Popular Nigerian human rights lawyer, Chief Malcolm Emokiniovo Omirhobo has faulted President Donald Trump United States to control Venezuela’s oil resources, describing it as ‘economic banditry’ dressed up as diplomacy.
This comes after US forces conducted a military operation that resulted in the capture of Venezuelan President Nicolás Maduro and his wife, Cilia Flores on Saturday, reports say.

In an opinion article titled, “Oil, Power and Plunder: Venezuela Is Not a Spoil of War”, Omirhobo said the move is a “pattern the world has seen before, and it has always ended in devastation for the targeted nation”.
Omirhobo said, “The attempt by the United States of America to corner, control, or hand over Venezuela’s oil resources to U.S. oil companies is not foreign policy . it is economic banditry dressed up as diplomacy. It is a pattern the world has seen before, and it has always ended in devastation for the targeted nation.
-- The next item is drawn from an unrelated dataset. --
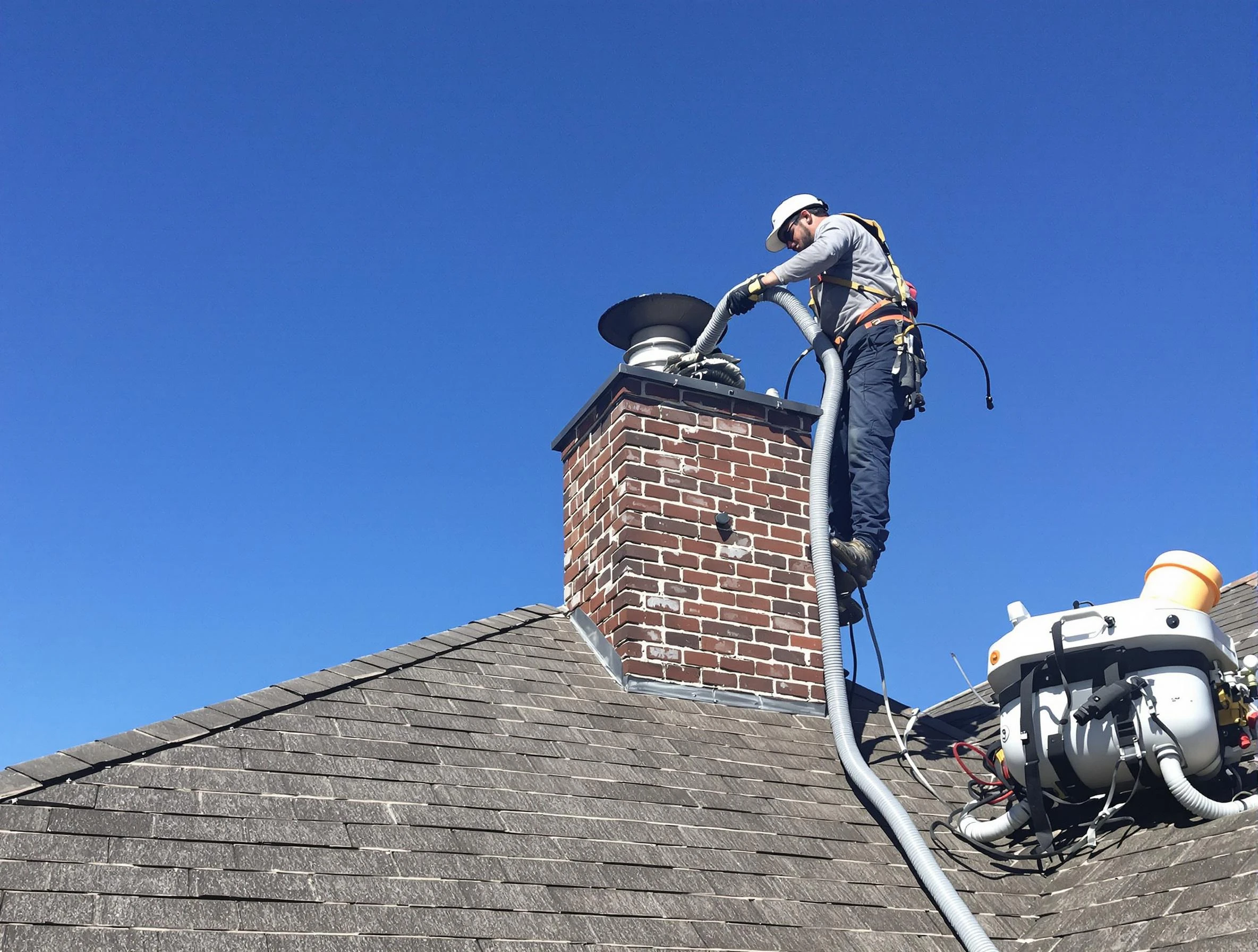 Dedicated Montclair Chimney Sweep team member cleaning a chimney in Montclair, NJ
“Iraq was invaded on false pretences. Libya was destroyed under the banner of “humanitarian intervention.” In both cases, once the smoke cleared, oil contracts quietly changed hands, national institutions collapsed, and the people were left poorer, weaker, and fragmented. Today, those countries are shadows of what they once were rich in resources, poor in stability.
“Venezuela now stands in the same firing line”, according to him, noting that “what is happening has nothing to do with democracy, human rights, or the well-being of Venezuelans”.
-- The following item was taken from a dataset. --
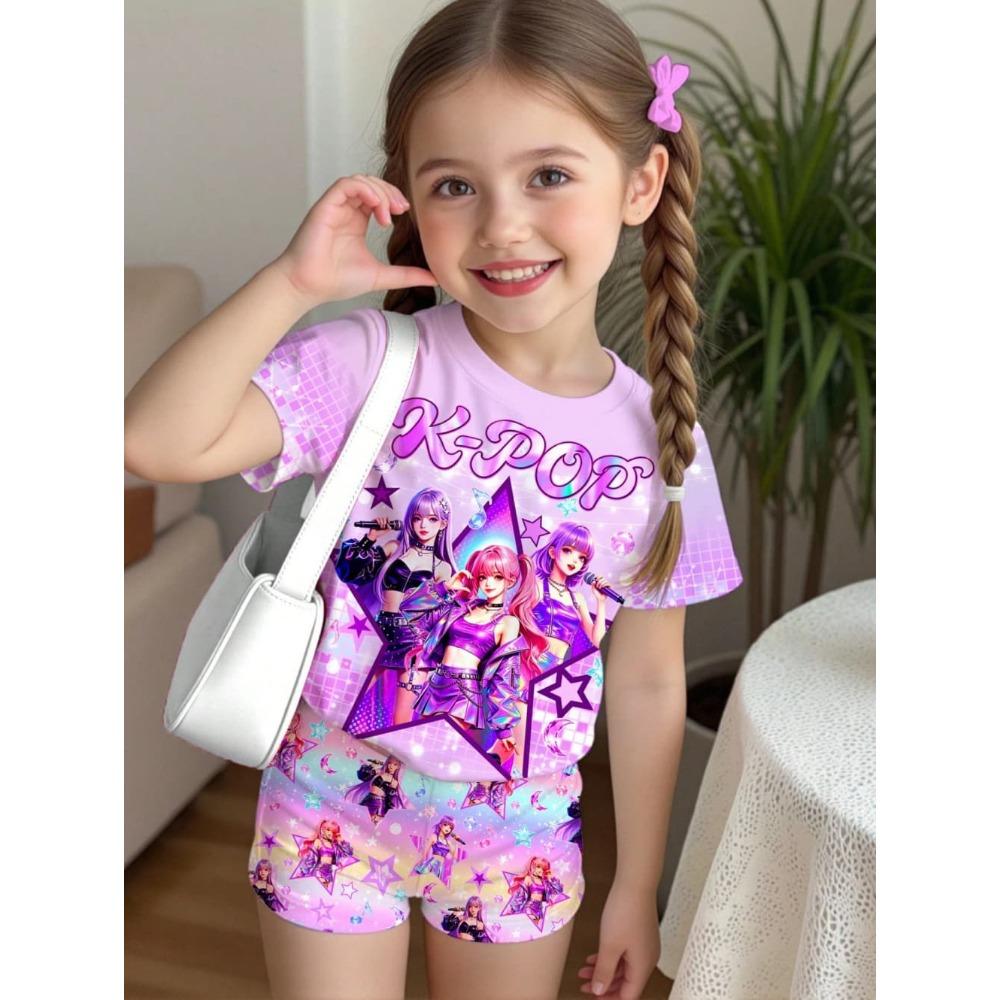 K-Pop-Cartoon-Grafik-T-Shirt- und Hosen-Set für Mädchen, Sommerkleidung für Mädchen, süßes Kurzarm-Set, Kinder-T-Shirt- und Shorts-Set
“It is about oil who controls it, who sells it, and who profits from it. When sanctions fail, regime change is attempted.
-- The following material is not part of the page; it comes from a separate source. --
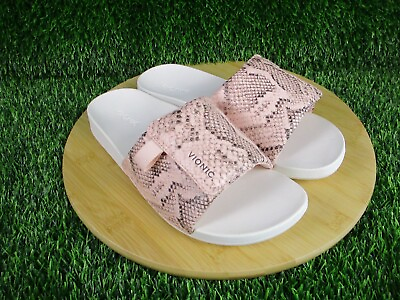 #ad Vionic Womens Keira Slide White Pink Snake Print Sandal Size 9 NIB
“When regime change fails, economic strangulation continues until the oil flows in the desired direction.
“Let us be clear: Venezuela’s oil belongs to Venezuelans, not to Washington, not to Wall Street, and not to any multinational oil corporation.
“The doctrine that powerful nations can invade, destabilise, or economically suffocate weaker states to seize their natural resources is a gross violation of international law, the UN Charter, and the very idea of global order. It is modern piracy executed not with cutlasses and ships, but with sanctions, drones, and contracts.
“Under Donald Trump, this approach was not even hidden. It was openly celebrated. Oil was spoken of as “taken,” nations were treated as commodities, and sovereignty was reduced to a bargaining chip. That kind of rhetoric belongs to the age of empire, not the 21st century.
“Africa, Latin America, Asia, and the Global South must pay attention. Today it is Venezuela. Yesterday it was Iraq and Libya. Tomorrow, it could be any resource-rich nation that refuses to bow.
“The world must reject this lawless model of global governance. No Country no matter how powerful has the right to exhaust its own resources and then roam the globe looting the wealth of others.
“This is not leadership.
This is not democracy.
This is piracy with a flag”, Omirhobo alleged.